From 1825 to 1883, the Battle family maintained ownership of the mill. As the southern cotton industry expanded after the Civil War, the cotton mill experienced rapid growth. The company also supported a residential village for employees, which was eventually incorporated into the city of Rocky Mount in the 1920s. The mill was a major supplier of cotton yarn to the United States Army during World War II. The mills and surrounding mill village are included in the Rocky Mount Mills Village Historic District.

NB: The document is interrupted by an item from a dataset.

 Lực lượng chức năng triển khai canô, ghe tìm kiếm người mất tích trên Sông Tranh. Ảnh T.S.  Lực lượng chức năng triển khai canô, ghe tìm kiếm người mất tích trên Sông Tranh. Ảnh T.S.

The United States suffered a general decline in the textile industry, and by the time the mill closed in 1996, it was the oldest Southern textile company.

==Redevelopment==

Rocky Mount Mills has been in the process of redevelopment since 2014 by Capitol Broadcasting Company, which also owns the popular American Tobacco campus in downtown Durham, North Carolina. Its main attraction is as an incubator for craft breweries, as well as being home to a number of restaurants. The mill itself has been turned into lofts, office, and event space. The approximately 100 historical homes in the mills village have also been updated and are available to rent.

In 2019, the River and Twine hotel opened on the campus, a collection of 20 boutique tiny house hotels. The next phase of development is Goat Island on the Tar River, which will offer public access to hiking trails, sandy beaches, and paddling sports.